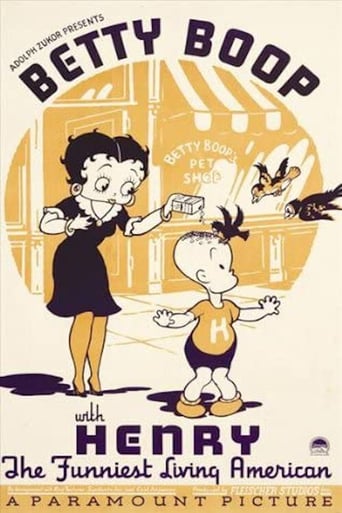 Watch Betty Boop with Henry the Funniest Living American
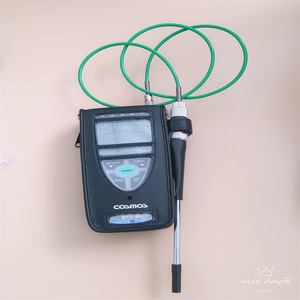 Detector de Oxígeno Portátil Cosmos XP-3180 con Resolución de 0.1 para Medición de Concentración de O2 - Product Image 1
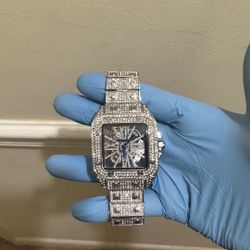 Cartier Skeleton Watch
--------------------------------------------------
Exercise details
Reproduce every line of the data above, exactly as it stands, but not the pictures.

Problem solution
 Watch Betty Boop with Henry the Funniest Living American
 Detector de Oxígeno Portátil Cosmos XP-3180 con Resolución de 0.1 para Medición de Concentración de O2 - Product Image 1
 Cartier Skeleton Watch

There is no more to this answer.